Vous pouvez penser que l’expression île flottante est une simple figure de style, ami(e) lectrice ou lecteur. Ceci, cependant, serait une erreur. La structure imaginée par Defrasse fait environ 220 mètres (environ 725 pieds) de large par 480 mètres (1 475 pieds) de long. Vue d’en haut, elle ressemble à un navire très large avec une poupe ouverte – ou à un gigantesque fer à cheval. Le bassin pour hydravions inséré dans la structure en béton armé de l’île flottante mesure environ 335 mètres (environ 1 100 pieds) de long et 100 mètres (environ 330 pieds) de large. La profondeur de l’eau qu’il contient atteint les 6 mètres (près de 20 pieds). Des barrières mobiles doubles et une série de petites ouvertures latérales permettent de contrôler les vagues. Les petits hydravions à coque peuvent par conséquent utiliser cette surface d’eau calme pour décoller et amerrir.
La profondeur de l’eau au-dessous de l’île flottante est telle que tout système d’ancrage serait horriblement compliqué, sinon impossible à concevoir. Au lieu de cela, Defrasse inclut deux puissants ensembles de moteurs diesel dans son île flottante, ce qui permet à son commandant de l’orienter pour faciliter l’amerrissage des hydravions à coque, et ce même si l’océan est un peu agité. La vitesse maximale à couper le souffle de cette structure colossale serait de 5 nœuds (9.25 kilomètres/heure / 5.75 milles/heure).
Il est à noter que les hydravions à coque transocéaniques n’utiliseraient pas le bassin pour hydravions pour quitter une île flottante. Un pont d’envol situé sur le côté bâbord / gauche, près des 5 hangars et de l’atelier, comprend un accélérateur / catapulte alimenté par l’électricité qui permet aux hydravions à coque de s’envoler même si l’océan est un peu agité. Le plus grand hangar peut accueillir un hydravion à coque ayant une envergure allant jusqu’à 70 mètres (230 pieds). Croiriez-vous que la superficie totale des 5 hangars est presque aussi grande que celle du bâtiment principal du Musée de l’aviation et de l’espace du Canada?

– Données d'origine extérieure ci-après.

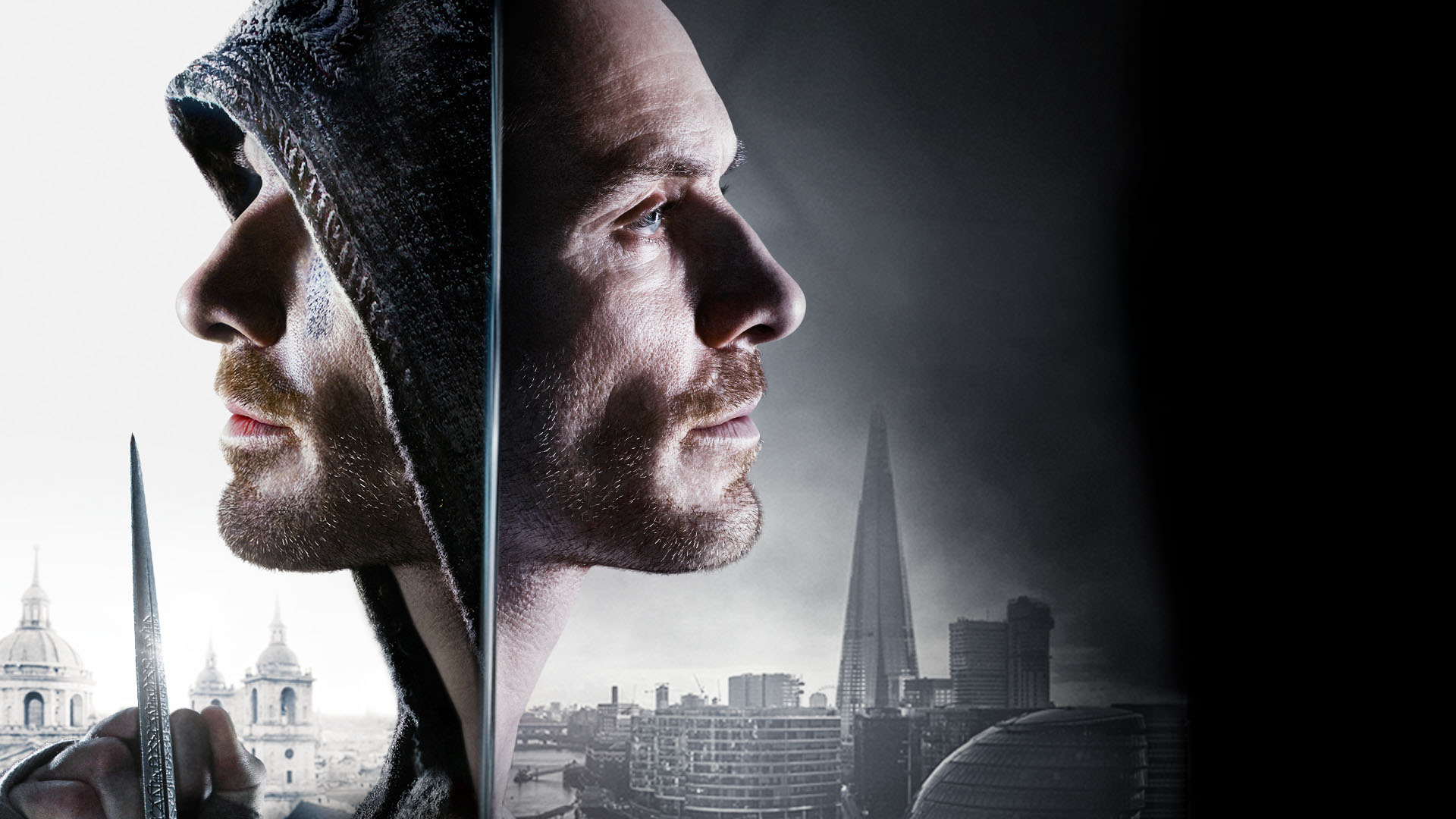 Assassin's Creed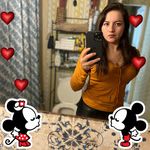 Marilu Ochoa - @mariluochoa2860 - Instagram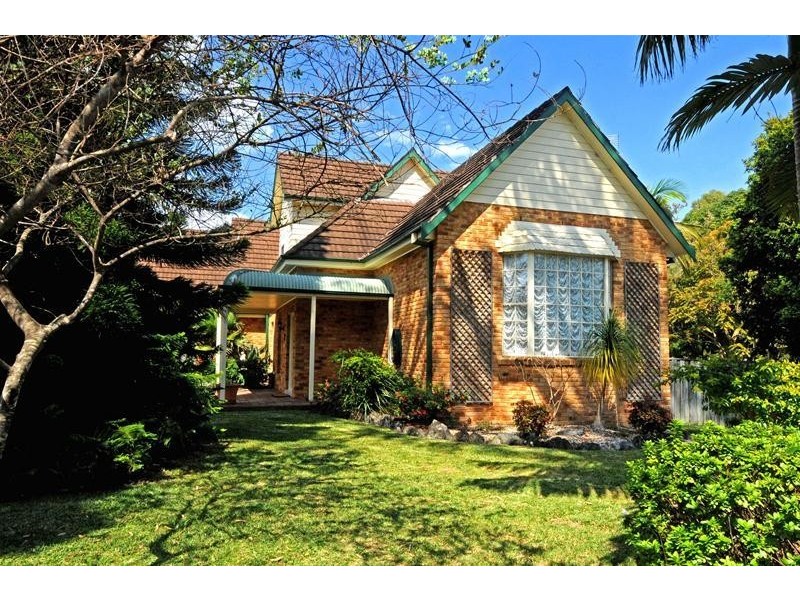 19 Scarborough Way, Dunbogan NSW 2443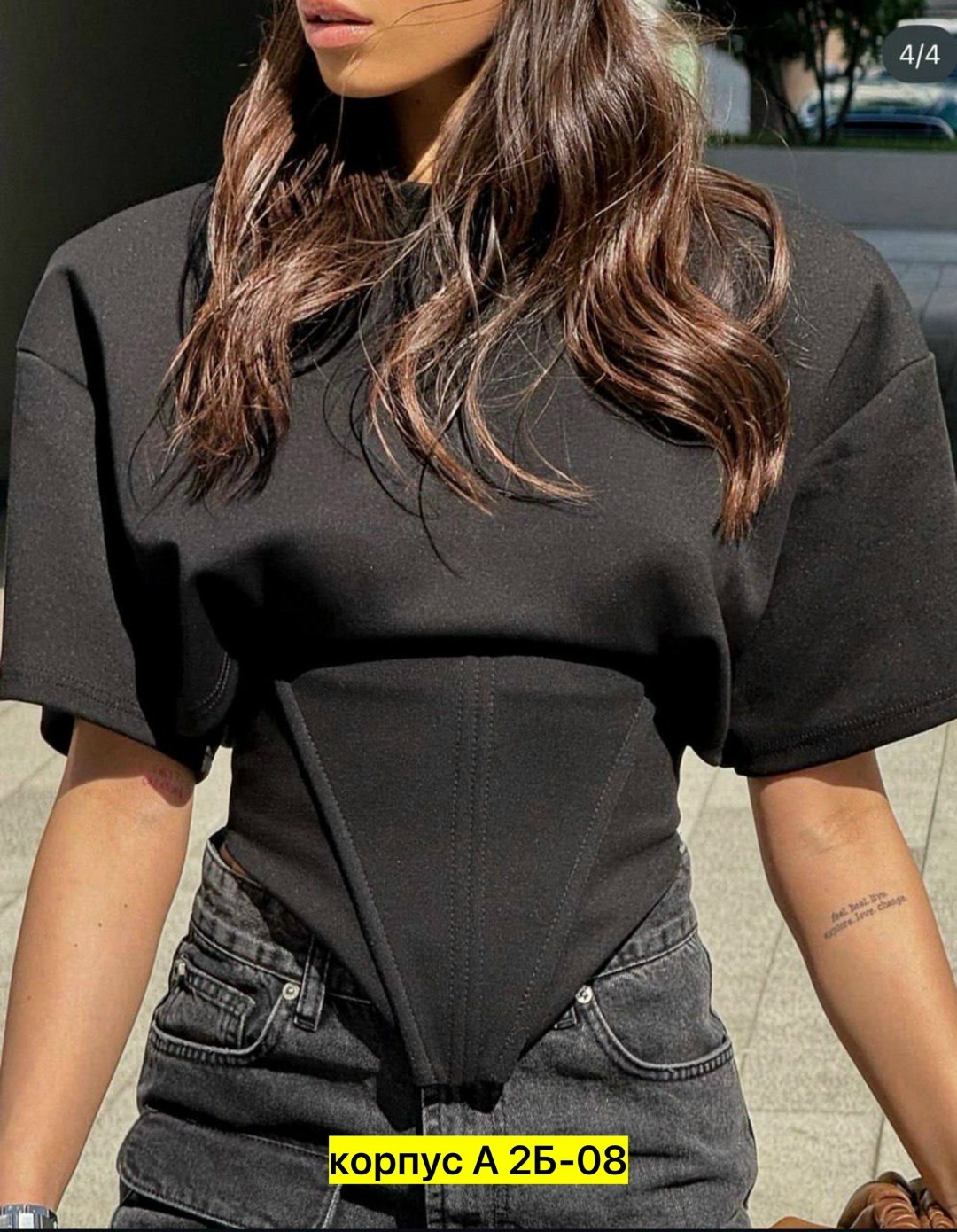 свитшот повседневный,кофта теплая,свитшот молодежный,женский свитшот,кофта укороченная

Avez-vous une question, ami(e) lectrice ou lecteur? Comment chaque hydravion à coque ayant amerri dans le bassin pour hydravions ou en pleine mer atteint-il le pont d’envol? Une bonne question, dis-je. Un radeau motorisé se rendrait sous cet aéronef. Son équipage sécuriserait l’hydravion à coque avant de se diriger vers une rampe. L’aéronef serait alors attaché au chariot de l’accélérateur / catapulte et déplacé vers le pont d’envol. Avez-vous d’autres questions pièges, ami(e) lectrice ou lecteur espiègle?
Et l’hébergement des passagères et passagers, demandez-vous? Une autre bonne question. Une facile aussi. Si vous devez le savoir, il y aurait un terminal et un hôtel de 165 chambres sur le côté tribord / droit, sans oublier une terrasse ainsi que plusieurs cabines, des restaurants, des salles de jeux et des courts de tennis couverts. Il n’y aurait qu’un seul bar. La taille même des îles flottantes rendraient ces espaces d’hébergement remarquablement stables par mauvais temps.
Le centre de commandement, le bureau météorologique et la salle de radio seraient situés à l’avant de l’île flottante, près des quartiers de ses quelque 120 membres d’équipage, et non loin des salles de stockage et des ateliers. L’auteur de ces lignes n’a pas pu trouver l’emplacement de l’infirmerie de l’île flottante. Et oui, la conception de cette étonnante structure a évolué au fil du temps, comme on peut s’y attendre.
Comme vous pouvez l’imaginer, l’île flottante conçue par Defrasse aurait été extrêmement coûteuse. Aucun gouvernement ne montre beaucoup d’intérêt pour le projet, et ce même si des articles à son sujet sont publiés aussi tard qu’en 1928 – sinon plus tard. Dommage.
L’auteur de ces lignes souhaite remercier toutes les personnes qui ont fourni des informations. Toute erreur contenue dans cet article est de ma faute, pas la leur.